# Teaching your goat to load in a truck



## Rex (Nov 30, 2008)

This is a question I get asked about a lot so I thought I would post the method I use to teach a goat to load in our pickup. I start when the goat is big enough to make the jump, usually at about 1-2 years old. Back the truck up to a hump or hill so the goat can easily step into the back and lead them in. Give them the "load up" command and hand them a treat. Lead them out and around the area for a few seconds then back in the truck with the "load up" command and treat again. Before long the goat will pull you to get in and get a treat. Once the goat has it figured out its time to move the truck up to make the step up a little higher and repeat the steps above. Keep increasing the distance gradually as the goat masters each step and before you know it they'll be loading from ground level.

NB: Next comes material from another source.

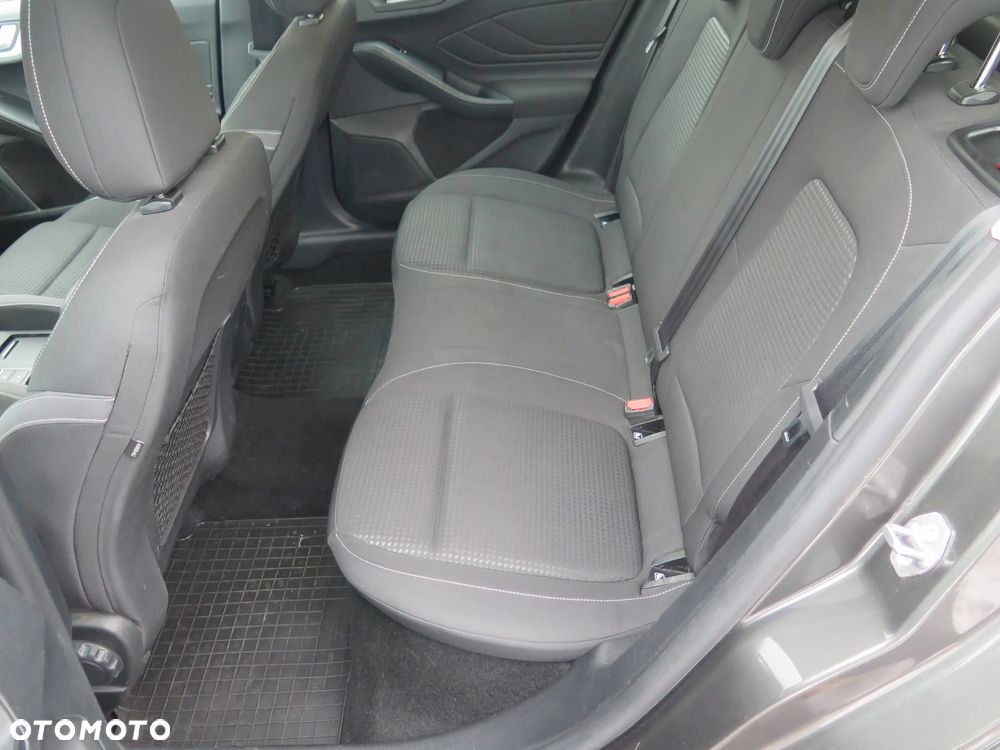 Ford Focus 1.5 EcoBlue SCR Titanium - 32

Once you get to that point, move the truck around to different locations in the yard so they get used to loading anywhere. If the got balks at loading during any step just back up to where it will load reliably and start again. Most people can have goats loading in the truck from ground level in about 30 minutes.


----------



## Hasligrove (Dec 10, 2008)

Obviously...my boys are spoiled. I use a pet ramp and they seem to have no problems with it even on the first time. I just have to lead them onto it and up they walk...spoiled goats. I really should teach them to jump...in case I don't have my handy ramp. Although it folds up and lives just inside the canopy.


----------



## nrspence (Dec 10, 2008)

Ya all of my hiking and hunting buddys thought it was the coolest thing ever that my goats could just jump in the back of a pickup just like a dog.


----------



## idahonancy (Dec 13, 2008)

My 3 year old ober has stopped loading in back of my pickup. From the day I got him at 1 1/2 years old he loaded beautiful. Last summer we went down a bumpy road. We had a nice walk but he did not want to get back in the truck. He is secured in the truck by a collar and a short lead. 2 other kids travel with him. To remedy this I fed him grain daily in the back of the pickup. It worked very well until recently and he stopped loading again. The grain trick is not working as well this time. Even using a ramp doesn't work. My other 2 jump in and out. My truck has a stiff suspension making for a bumpy ride but has a nice tall canopy with screened widows. I have a pass through window in the cab. During travel I reach back so he knows I am there. Out side of getting an unkown injury in the truck, all I can figure is he became sensitive to noise (it is a diesel engine), enclosed spaces, or a bumpy ride. He is not really the stubborn type but who knows he just turned 3. Any thoughts on the matter would be apreciated. 
IdahoNancy Oberpacker


----------



## Rex (Nov 30, 2008)

This is actually pretty common. The cause could be any one of the things you mentioned, all of them together or just the fact that he doesn't want to leave the barn. I'd suggest parking the truck next to a hump so he can step in and out easily and use something besides grain to coax him in. Try salted peanuts in the shell. Thats hard for a goat to resist. Crawl in the back of the truck holding his lead rope so he can't leave and hold out the peanut so he knows you'll give it to him if he steps in. Repeat till he is stepping in on his own then move the truck up and repeat. If you think he is scared of the noise then I'd let the truck idle with him in the back and feed him a few treats. Turn it off for a minute or so before you let him out then repeat the whole thing again. If he knows what you want and continues to refuse to do it, then see step #2 below.


----------



## Rex (Nov 30, 2008)

*Re: Teaching your goat to load in a truck (Step #2)*

If you complete the steps above and he knows exactly what you want and is just being stubborn, then don't be afraid to be firm about making him get in. I don't let goats get away with not doing something they know darn well what I'm asking them to do. Holding the collar or halter so you can keep their head pointed toward the truck I often grab them by the tail and push them forward to make them get in. They don't like it and will usually jump in to get away from me pulling on their tail. The first time or two they will try to turn away so be ready to hold them in position till they figure out the only way is to go forward into the truck. If it is REALLY stubborn, lift its front feet up on the back before you pull its tail. That way its half way in already and it will be much easier for it to decide the best course of action. A couple times of that and they jump in quickly so I can't grab their tail on the way by.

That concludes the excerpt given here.